Include no pictures. Output exactly the lines from the one that contains "Pronájem skladovacích prostor" through the final line of the entries.

Short descriptive text snippets:
- - - - -

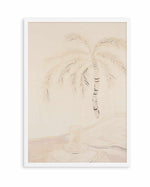 Noosa Palm Illustration No II | Art Print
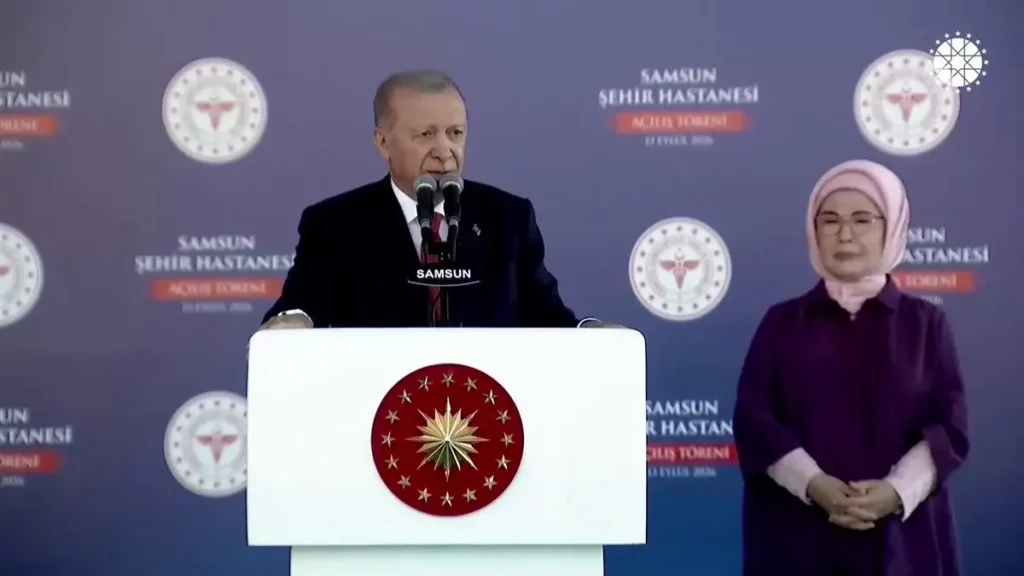 Cumhurbaşkanı Erdoğan sağlık altyapısını güçlendiriyor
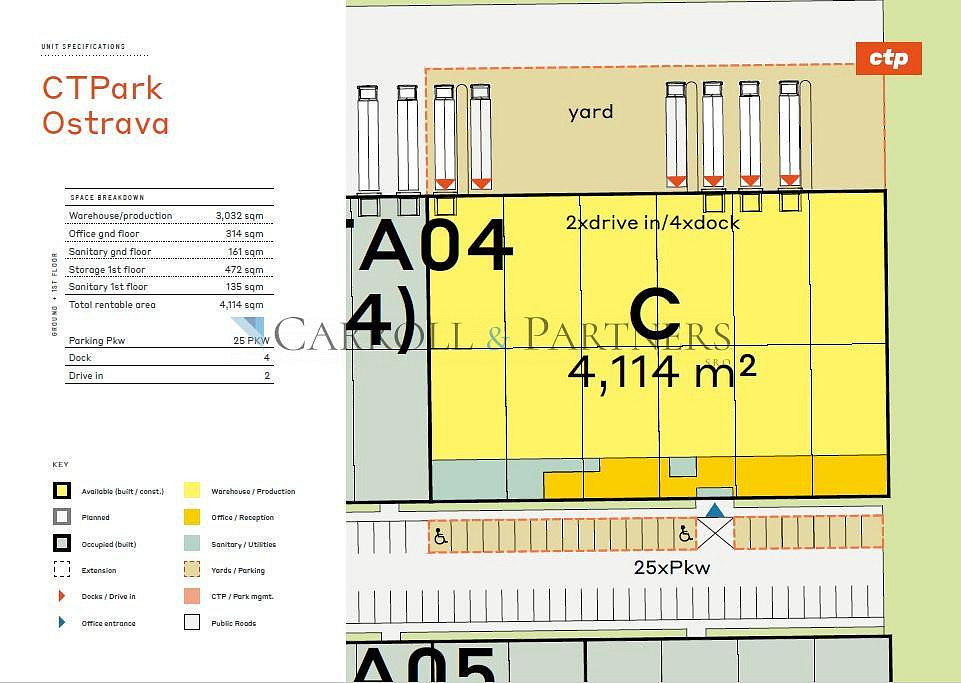 Pronájem skladovacích prostor 1 500 m² — photo 5
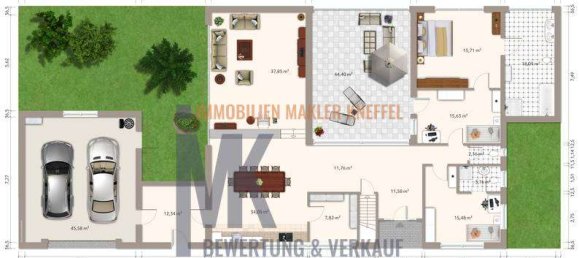 4-salle Bungalow à Bremen, Germany No. 46641 3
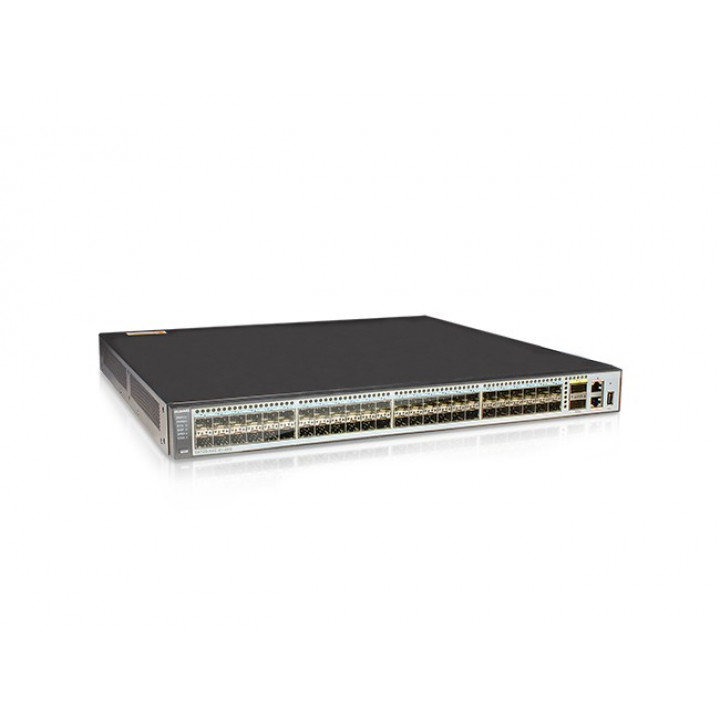 Коммутатор Huawei S6720-54C-EI-48S-DC (48x10GE SFP+, 2x40GE QSFP+, DC) Коммутатор Huawei S6720-54C-EI-48S-DC (48x10GE SFP+, 2x40GE QSFP+, DC)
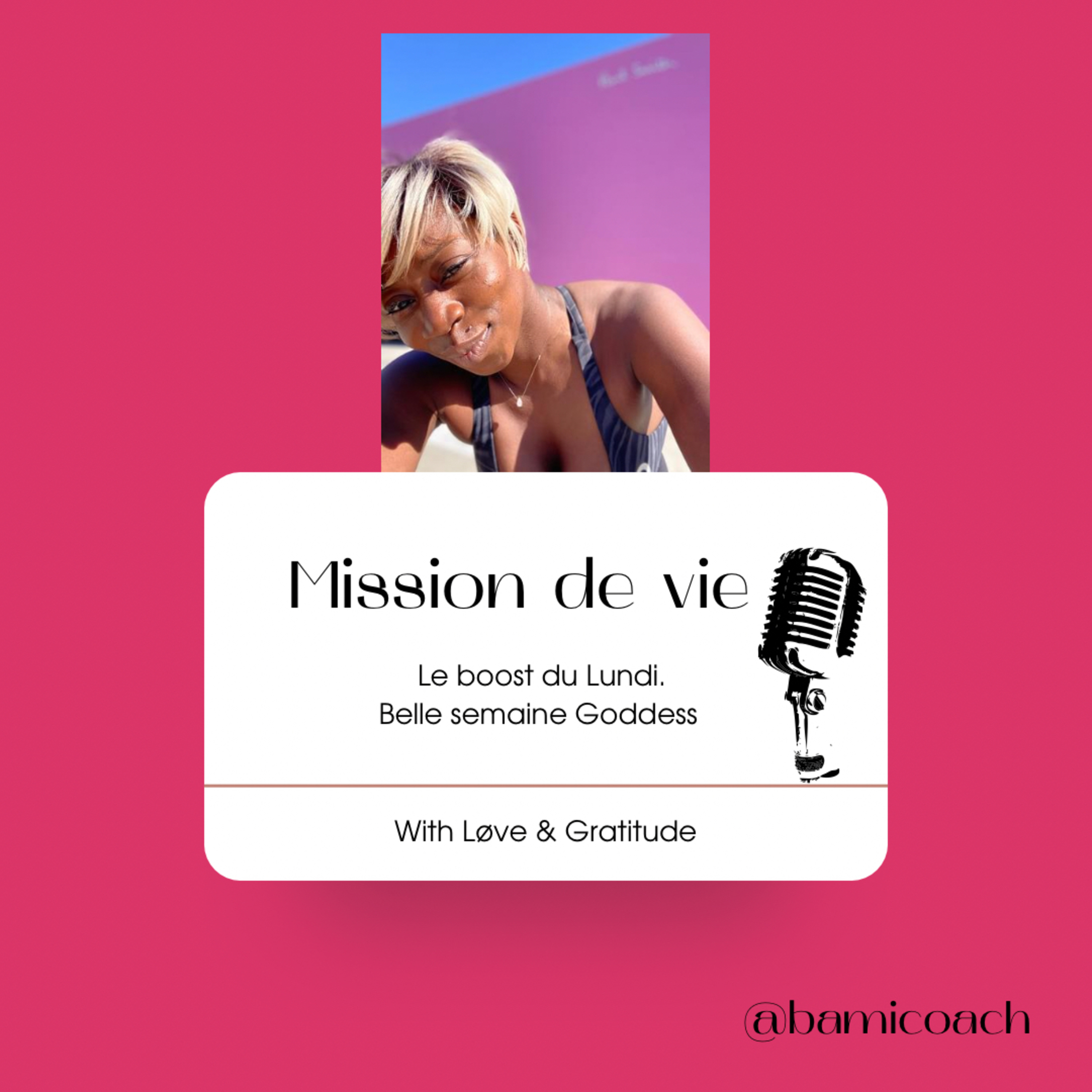 Chemin sacré d’une Déesse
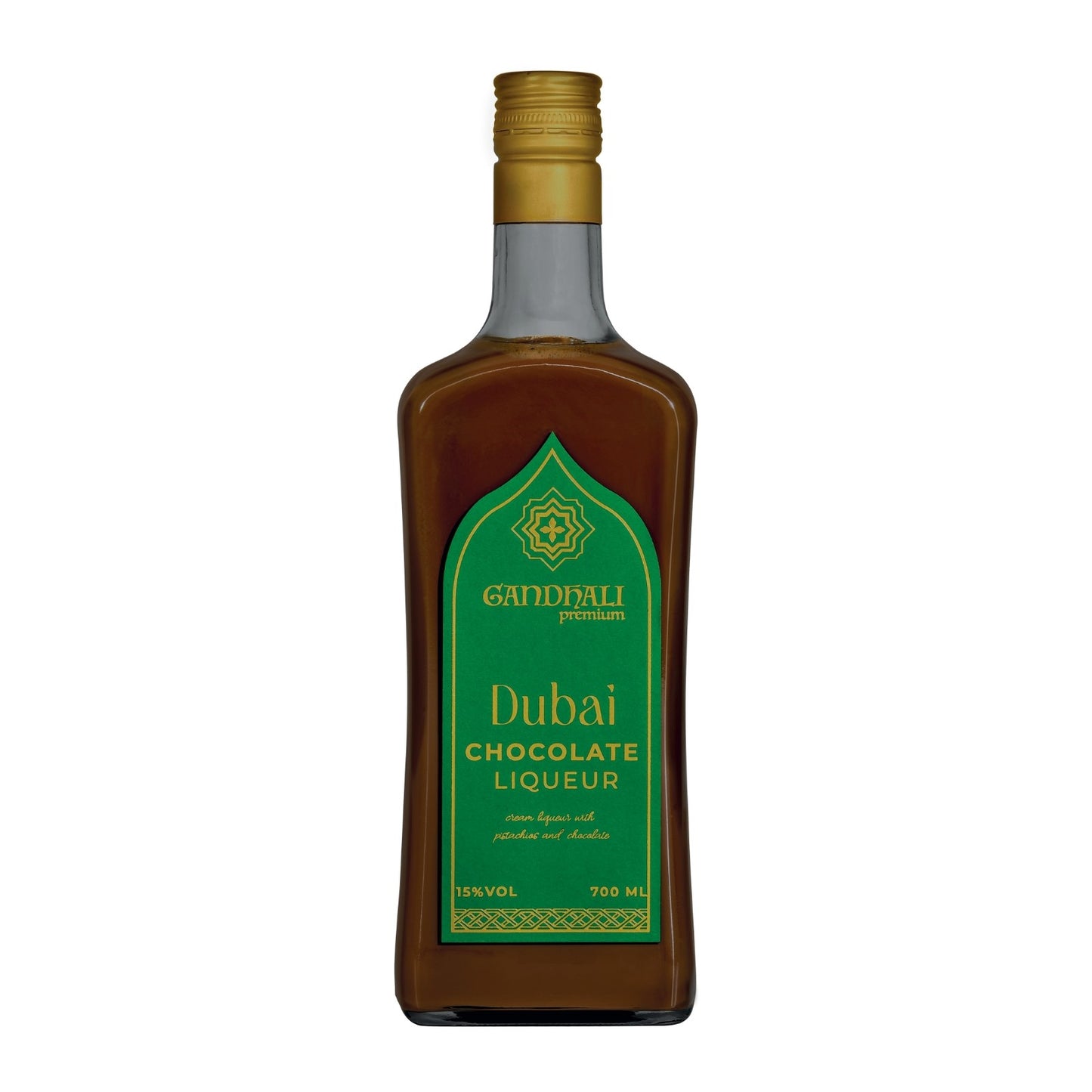 Gandhali Licor de Chocolate do Dubai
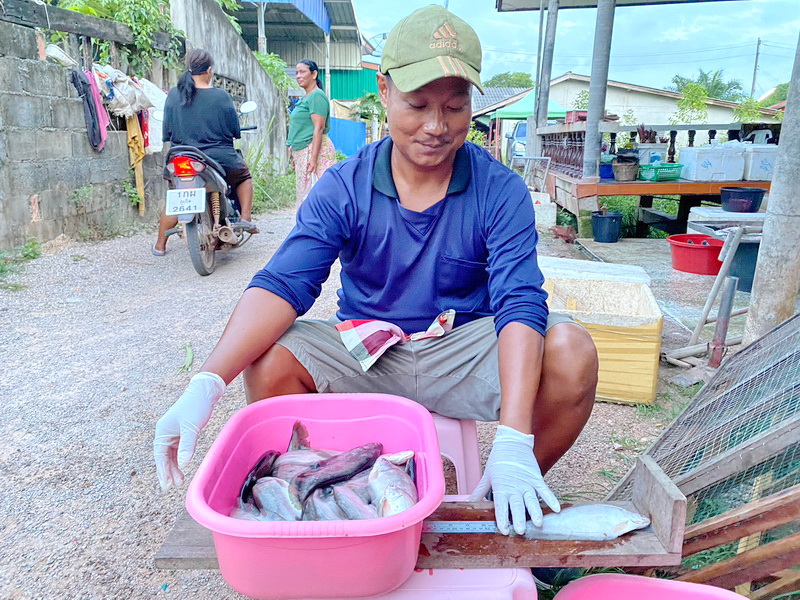 ดำเนินการประเมินสภาวะทรัพยากรสัตว์น้ำ ในพื้นที่ทะเลน้อยจังหวัดพัทลุง..คลิก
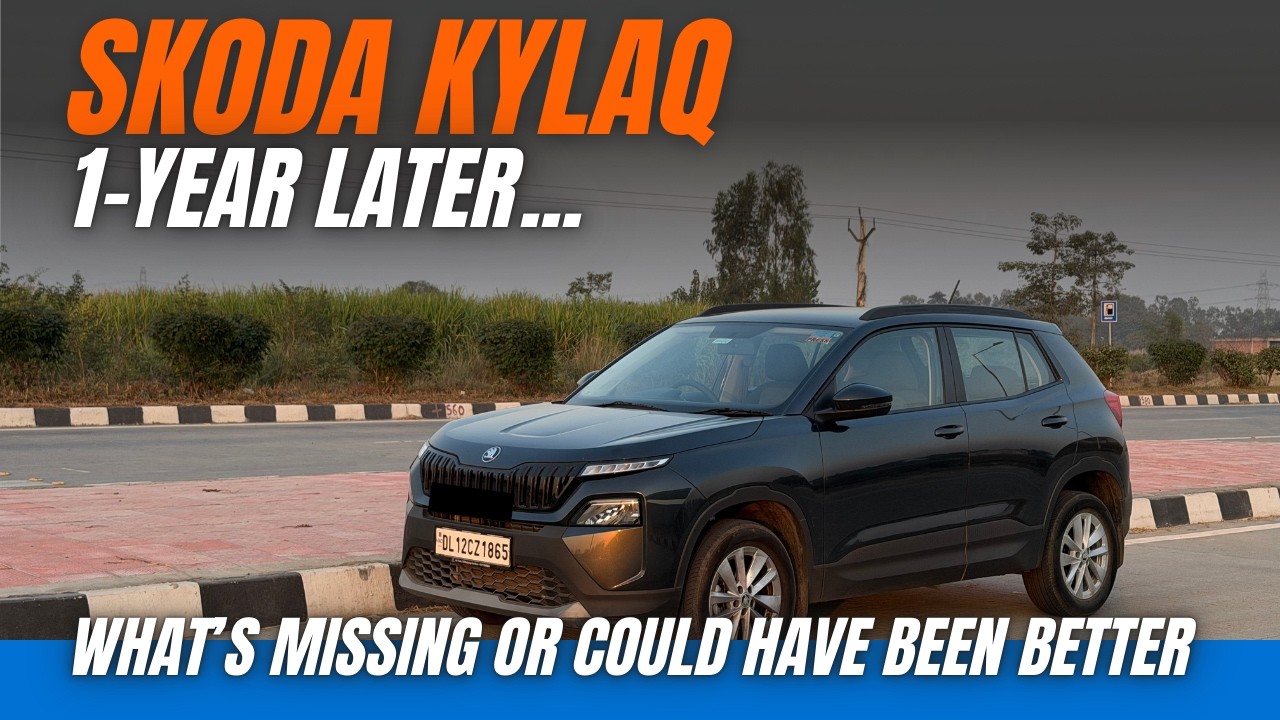 Skoda Kylaq Signature long-term: 5 annoying things I noticed in a year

- - - - -

Exercise answer:
 Pronájem skladovacích prostor 1 500 m² — photo 5
 4-salle Bungalow à Bremen, Germany No. 46641 3
 Коммутатор Huawei S6720-54C-EI-48S-DC (48x10GE SFP+, 2x40GE QSFP+, DC) Коммутатор Huawei S6720-54C-EI-48S-DC (48x10GE SFP+, 2x40GE QSFP+, DC)
 Chemin sacré d’une Déesse
 Gandhali Licor de Chocolate do Dubai
 ดำเนินการประเมินสภาวะทรัพยากรสัตว์น้ำ ในพื้นที่ทะเลน้อยจังหวัดพัทลุง..คลิก
 Skoda Kylaq Signature long-term: 5 annoying things I noticed in a year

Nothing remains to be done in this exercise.